- WORK ORDER:
When the data below is printed, every line must match exactly and the images must be absent.

- DATA EXCERPT:
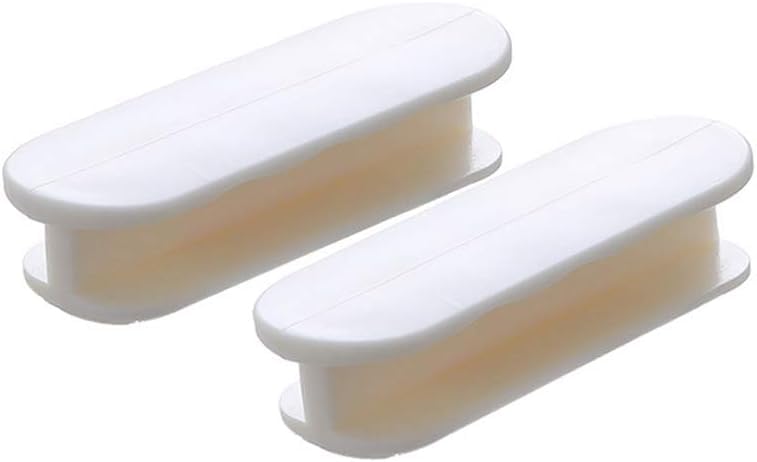 KPNG Self-Stick Instant Cabinet Drawer-Humanity Handle Helper Auxiliary for Cabinet Knobs Drawer Sliding Door-Wardrobe Self-Stick Push Pull Helper Stick-on Handles (White, Pack of - 2, Polished) - Image 1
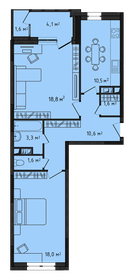 Квартира 64,4 м², 2-комнатная - изображение 1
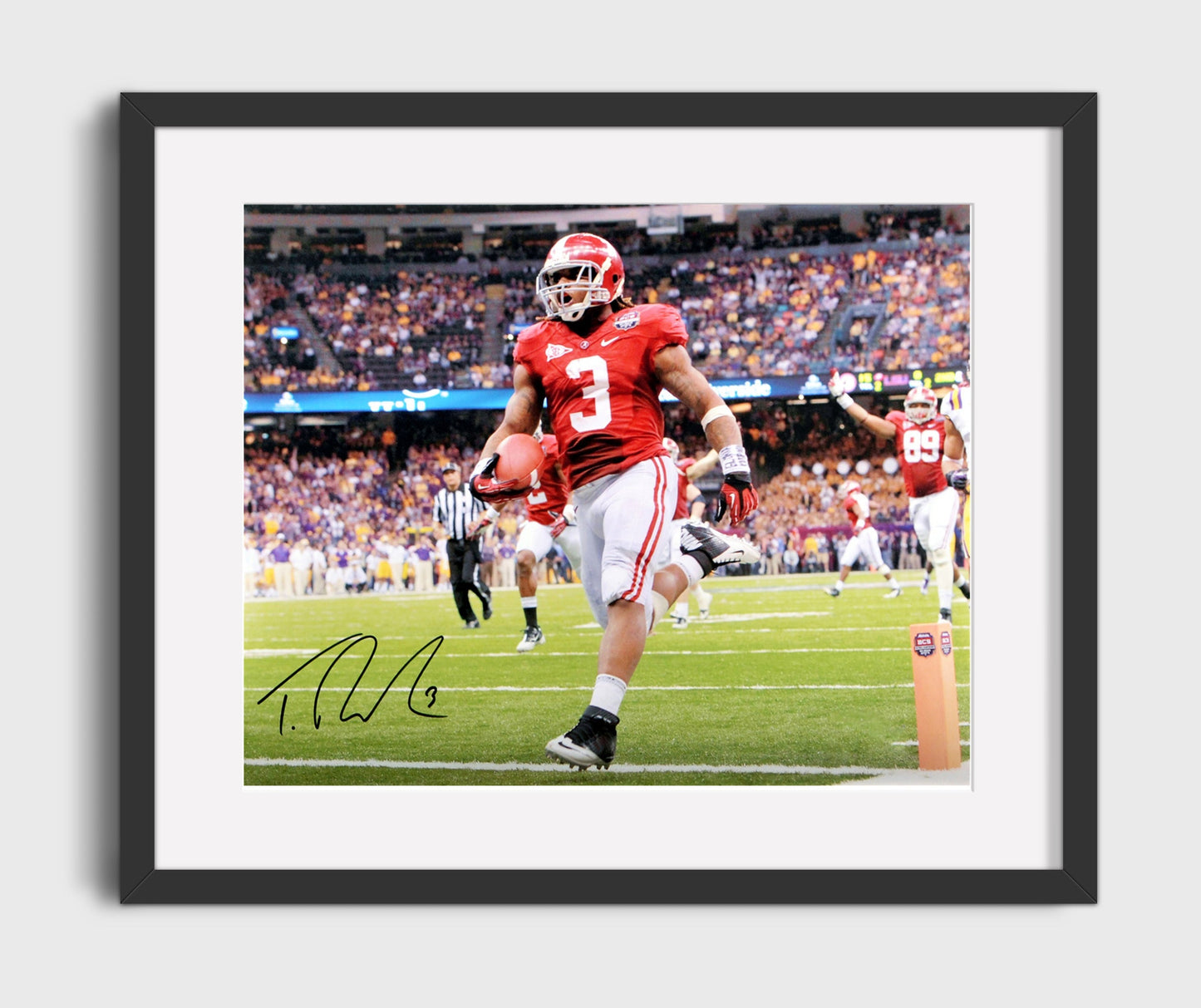 Alabama Football - Trent Richardson Bama No 1 Iconic Run 8x10 Gallery Frame college football wall art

- EXERCISE ANSWER:
 KPNG Self-Stick Instant Cabinet Drawer-Humanity Handle Helper Auxiliary for Cabinet Knobs Drawer Sliding Door-Wardrobe Self-Stick Push Pull Helper Stick-on Handles (White, Pack of - 2, Polished) - Image 1
 Квартира 64,4 м², 2-комнатная - изображение 1
 Alabama Football - Trent Richardson Bama No 1 Iconic Run 8x10 Gallery Frame college football wall art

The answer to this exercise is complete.